How to solve DDOS attacks in Windows Server 2008 R2 / Windows Server 2012?

-3

  • Any software for windows
  • Writing custom (intelligent) microsoft windows firewall extension (C#/C++/C)
  • Writing custom (intelligent) firewall for windows
  • Installing nginx etc. on the same computer and use it as proxy with rules.

"You could not solve all Ddos problems with software" is not answer for this question.I want to reduce Ddos vulnarebility of my server.(It will stop low-level Ddos attacks)

Hosted solutions or cloud services are not related with this question.

Closing some of the ports and protocols via Microsot Windows Firewall is not related with this question.

Any idea?

EDIT After Questions

Low level: sample scenerio: 500 zombie clients and each of them sending 100 Custom Get/Post requests per second)

Web Application is on IIS. I want to stop attacks before they reach to IIS.

EDIT After Helpful Comment

How can the DDOS attack achieve its aim?

  • Exhausting bandwidth ( Not related with my question)
  • Exhausting network hardware of server (NIC) ( Not related with my question)
  • Exhausting server resources (RAM,CPU) (Yep, I mean this)

If you stop attacks late, then you lost more resources! (Is this false?)

  • You can stop attacks on Web Application Level (in Asp.net MVc Code or in Handler)
  • You can stop attacks on IIS (Dynamic Ip Restrictions)
  • You can stop attacks on lower levels (Firewall ..)

EXTRA INFO ABOUT THE LAST ATTACK (7 Hours ago)
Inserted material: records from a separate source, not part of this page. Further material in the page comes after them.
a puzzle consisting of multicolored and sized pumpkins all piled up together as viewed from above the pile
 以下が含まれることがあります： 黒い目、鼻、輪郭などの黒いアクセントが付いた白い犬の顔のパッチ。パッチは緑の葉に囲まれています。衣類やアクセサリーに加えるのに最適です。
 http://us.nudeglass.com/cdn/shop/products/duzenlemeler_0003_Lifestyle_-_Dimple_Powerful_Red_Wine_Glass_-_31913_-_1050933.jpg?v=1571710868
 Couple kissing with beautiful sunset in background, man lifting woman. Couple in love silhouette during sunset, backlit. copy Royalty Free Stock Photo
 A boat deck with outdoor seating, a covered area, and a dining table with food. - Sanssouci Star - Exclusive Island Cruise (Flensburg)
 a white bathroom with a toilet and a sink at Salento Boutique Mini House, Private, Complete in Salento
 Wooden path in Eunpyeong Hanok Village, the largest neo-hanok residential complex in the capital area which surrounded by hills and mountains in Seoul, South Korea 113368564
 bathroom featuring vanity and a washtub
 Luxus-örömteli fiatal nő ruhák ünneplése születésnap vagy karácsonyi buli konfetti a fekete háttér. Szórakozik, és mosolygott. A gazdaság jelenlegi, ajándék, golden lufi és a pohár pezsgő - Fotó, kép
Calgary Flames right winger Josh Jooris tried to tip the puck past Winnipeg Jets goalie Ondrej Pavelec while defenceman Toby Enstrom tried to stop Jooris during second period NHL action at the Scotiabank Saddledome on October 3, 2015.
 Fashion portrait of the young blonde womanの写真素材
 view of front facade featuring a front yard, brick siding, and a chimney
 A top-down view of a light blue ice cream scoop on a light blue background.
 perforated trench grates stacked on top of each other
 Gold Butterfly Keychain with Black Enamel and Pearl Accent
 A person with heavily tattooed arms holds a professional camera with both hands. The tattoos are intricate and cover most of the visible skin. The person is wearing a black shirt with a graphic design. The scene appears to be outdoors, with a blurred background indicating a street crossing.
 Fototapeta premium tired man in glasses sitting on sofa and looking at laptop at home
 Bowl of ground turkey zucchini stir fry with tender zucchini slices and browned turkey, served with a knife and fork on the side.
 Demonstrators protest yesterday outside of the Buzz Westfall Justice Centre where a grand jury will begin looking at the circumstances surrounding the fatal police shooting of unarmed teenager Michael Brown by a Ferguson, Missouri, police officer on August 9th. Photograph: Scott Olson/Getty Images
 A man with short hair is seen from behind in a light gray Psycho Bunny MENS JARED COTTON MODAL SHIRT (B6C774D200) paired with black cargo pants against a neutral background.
When I connected server during the attack IIS Cpu Utilization was %92-%99. And when I try to connect homepage I got this error:

A connection was successfully established with the server, but then an error occurred during the pre-login handshake. (provider: SSL Provider, error: 0 - The wait operation timed out.)

ozz

Posted 2013-05-08T22:55:43.583

Reputation: 111

Question was closed 2013-05-12T00:53:34.893

1How about important information. Apache or IIS? What version of IIS or Apache. Closing unused ports IS a solution to this problem. Your question is to broad at this time and thus the downvote. – Ramhound – 2013-05-08T23:02:25.923

1What do you consider a "Low Level DDOS attack" perhaps you are using the wrong term and that is confusing everyone. – Scott Chamberlain – 2013-05-08T23:05:57.443

Answers

6

You could not solve ANY Ddos problems with software.

Counteracting a Distruibuted Denial Of Service attack is not a software problem. It is simply your server is being overloaded with more requests than it can handle. Also it may not be your hardware that fails. If the router your ISP is providing you can not handle the volume of connections no amount of software on your server will help your ISP's hardware.

The only thing to mitigate DDOS attacks is somewhere upstream from your server you either need to filter the incoming requests before it focuses on a single server or distribute the requests across multiple servers. Both of these things are properties of Load Balancing

Think of it like a magnifying glass. Putting your hand in the sun does not hurt, it just makes it warm. However if you use a magnifing glass and focus all that area that was covering your hand to a single point it will burn you. Your server is that single point, what you need to do is put your mitigation solutions up at the magnifying glass level, if you are at the focal point of the hand you are too late to do anything.

Scott Chamberlain

Posted 2013-05-08T22:55:43.583

Reputation: 28 923

Scott I can understand you but there is no budget for it. So If we are going on with your sample I'm trying to find/produce high quality sun oil :) – ozz – 2013-05-08T23:35:37.850

I will definetely use mitigation service (cloud, cisco guard vs..) But for now I need cheaper solution. Attacks are about 100Mbit Http requests. – ozz – 2013-05-08T23:38:53.407

1There is no free/cheep solution to DDOS attacks. Your only two choices are either sit through it till they decide to go somewhere else or pay money for hardware to mitigate it. To address your edit,you have to spend resources to filter out the legitimate traffic from the bad, yea you can stop it from hitting IIS but I doubt IIS is your bottleneck at those volumes. – Scott Chamberlain – 2013-05-09T00:01:37.520

We got attacks 7 hours ago. I've connected server via Remote Desktop. IIS Cpu Utilization was %92-%99. What is your opinion about that..And when I try to open default page I saw this message: A connection was successfully established with the server, but then an error occurred during the pre-login handshake. (provider: SSL Provider, error: 0 - The wait operation timed out.) Any idea? – ozz – 2013-05-09T00:06:04.843

1

If you can identify the IP's performing the connections you may be able to firewall them. However the level of this discussion might be better suited for ServerFault. I would open a question there about how to set up a system to block IP's that are flooding the server. I know there are Auto Ban scripts for linux, but I have no idea on windows side to set that up and integrate it with IIS.